Beberapa bulan telah berlalu, tidak terasa hari ini waktunya Ilham menghadiri acara perpisahan di sekolahnya. Hanya Hana yang datang menemani. Meski begitu, Hana sangat bangga pada putranya.

Sebenarnya wanita yang memakai kebaya berwarna merah maroon itu berharap Hamid selaku ayah kandung Ilham bisa hadir dan menyaksikan wisuda putranya.

Mungkin saja, ini adalah wisuda terakhir yang putranya lakukan. Mengingat, Ilham tidak kuliah karena harus bekerja untuk menafkahi keluarganya.

Akan tetapi, dia harus menelan pil pahit karena sampai acara berakhir, Hamid tidak juga datang.

“Ibu masih berharap Ayah akan datang? Tidak usah, Bu. Aku gak apa-apa, kok.” Ilham mengusap bahu ibunya yang sejak tadi memandang ke arah pintu masuk.

“Tadinya begitu, tetapi ternyata dia memang tidak mau datang. Maafkan Ibu, ya, Ham.” Hana menggenggam tangan Ilham. Dia tahu bahwa putranya juga berharap sang ayah datang dan menyaksikan perpisahannya. Terlebih lagi, di acara itu juga diumumkan siswa-siswi tang berprestasi, salah satunya adalah Ilham.

Ilham mendapat peringkat kedua tingkat sekolah dalam hasil ujian nasional. Namun, sayangnya dia tidak bisa melanjutkan kuliah meskipun sangat ingin.

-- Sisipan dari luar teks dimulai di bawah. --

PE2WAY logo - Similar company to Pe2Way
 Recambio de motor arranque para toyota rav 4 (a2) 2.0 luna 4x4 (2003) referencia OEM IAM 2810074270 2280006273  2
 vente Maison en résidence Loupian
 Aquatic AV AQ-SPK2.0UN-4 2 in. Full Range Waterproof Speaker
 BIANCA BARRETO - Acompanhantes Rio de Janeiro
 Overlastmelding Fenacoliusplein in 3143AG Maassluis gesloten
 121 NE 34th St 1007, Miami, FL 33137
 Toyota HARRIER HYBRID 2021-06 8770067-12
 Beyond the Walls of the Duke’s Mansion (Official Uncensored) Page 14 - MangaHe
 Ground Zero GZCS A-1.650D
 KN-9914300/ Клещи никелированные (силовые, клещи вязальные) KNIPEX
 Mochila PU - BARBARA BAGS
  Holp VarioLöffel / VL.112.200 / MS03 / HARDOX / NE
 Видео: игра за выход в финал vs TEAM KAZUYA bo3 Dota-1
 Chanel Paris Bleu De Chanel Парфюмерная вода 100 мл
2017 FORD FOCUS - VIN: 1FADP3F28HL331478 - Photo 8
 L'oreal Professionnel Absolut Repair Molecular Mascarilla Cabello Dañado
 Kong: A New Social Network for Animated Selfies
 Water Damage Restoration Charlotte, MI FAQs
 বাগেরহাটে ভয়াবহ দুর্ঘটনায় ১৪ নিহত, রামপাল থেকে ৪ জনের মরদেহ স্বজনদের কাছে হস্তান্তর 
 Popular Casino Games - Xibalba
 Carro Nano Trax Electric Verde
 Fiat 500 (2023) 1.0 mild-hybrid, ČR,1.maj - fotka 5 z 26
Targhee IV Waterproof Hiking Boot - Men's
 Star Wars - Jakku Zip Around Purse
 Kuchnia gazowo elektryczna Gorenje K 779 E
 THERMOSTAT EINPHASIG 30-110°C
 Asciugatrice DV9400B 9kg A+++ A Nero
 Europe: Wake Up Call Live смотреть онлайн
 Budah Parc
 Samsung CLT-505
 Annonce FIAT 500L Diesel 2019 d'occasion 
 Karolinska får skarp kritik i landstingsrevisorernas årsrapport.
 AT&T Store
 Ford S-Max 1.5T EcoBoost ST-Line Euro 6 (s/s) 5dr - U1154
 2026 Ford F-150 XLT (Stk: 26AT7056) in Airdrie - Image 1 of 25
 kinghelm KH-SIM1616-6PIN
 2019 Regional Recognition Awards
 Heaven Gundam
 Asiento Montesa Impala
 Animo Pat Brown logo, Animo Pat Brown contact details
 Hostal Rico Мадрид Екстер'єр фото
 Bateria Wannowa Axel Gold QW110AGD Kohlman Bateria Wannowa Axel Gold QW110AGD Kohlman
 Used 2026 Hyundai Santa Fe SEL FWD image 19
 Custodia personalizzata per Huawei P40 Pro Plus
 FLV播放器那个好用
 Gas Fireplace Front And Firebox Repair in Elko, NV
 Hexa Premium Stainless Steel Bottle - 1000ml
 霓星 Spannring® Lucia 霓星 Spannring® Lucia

Tidak ingin tinggal berdiam diri di sana padahal acara telah berakhir, Ilham dan Hana memilih untuk pulang ke rumah dengan mengendarai motor kesayangannya.

Setibanya di rumah, Ilham terkejut mendapati sebuah mobil yang tidak asing terparkir di depan rumahnya. Mobil tersebut adalah milik Hamid.

“Maaf, Ham. Ayah gak sempat menghadiri wisudamu.” Hamid menghampiri Ilham sesaat setelah masuk ke rumah.

Hana hanya diam melihat interaksi keduanya. Mereka sangat jarang bertemu, terakhir justru saling adu jotos. Namun, sekarang lebih baik. Mungkin  karena Ilham sudah lebih bisa berpikir dewasa dari setahun yang lalu.

Hana memilih masuk ke kamar, berganti pakaian rumahan. Sementara itu, Ilham berjalan menuju sofa sambil membuka jaket yang menutup badannya, kemeja berwarna putih itu dia gulung hingga siku, lalu membuka dua kancing terbatas membuat remaja itu terlihat semakin tampan.


Ilham menyugar rambutnya, menatap tidak suka ke arah Hamid, sementara yang di tatap mulai salah tingkah.

Hamid jadi bingung harus memulai obrolan dari mana. Dia ingin mengajak Ilham ikut tinggal bersamanya, membantu menjalankan bisnis dengan istri barunya.

“Ada yang mau Ayah sampaikan? Katakan saja!” ujar Ilham sambil menyadarkan tubuhnya di sofa.

Zahran dan Adzkiya sudah pergi bermain lagi sejak ibu dan kakaknya pulang. Tadinya, kedua bocah itulah yang menyambut kedatangan ayah mereka dan menemaninya sambil melepas rindu. Hamid juga membawa dua buah mainan untuk Zahran dan Adzkiya.

“Ayah ke sini mau mengajak kamu untuk ikut Ayah. Kamu bisa kuliah di sana. Nanti Ayah yang—“

Prang!

Belum selesai Hamid bercerita, terdengar gelas pecah karena beradu dengan lantai. Di sana Hana berdiri dengan tatapan yang sulit diartikan.

“Pergi kamu dari sini!” usir Hana sambil menunjuk Hamid.

Minuman itu rencananya akan dia suguhkan pada  Hamid yang tak lain adalah mantan suaminya. Namun, sudah lebih dulu tersaji di lantai.

“Setiap kamu ke sini, hanya datang membawa masalah.”Hana melangkah semakin mendekat ke arah Hamid. Dia menatap tajam dan penuh amarah pada mantan suaminya itu.

“Kenapa kamu marah? Ilham punya masa depan yang panjang. Aku ayahnya. Sudah seharusnya dia sekolah yang lebih tinggi demi masa depannya.

“Aku tahu kamu ayahnya, tapi dia putraku,” tegas Hana tidak mau kalah.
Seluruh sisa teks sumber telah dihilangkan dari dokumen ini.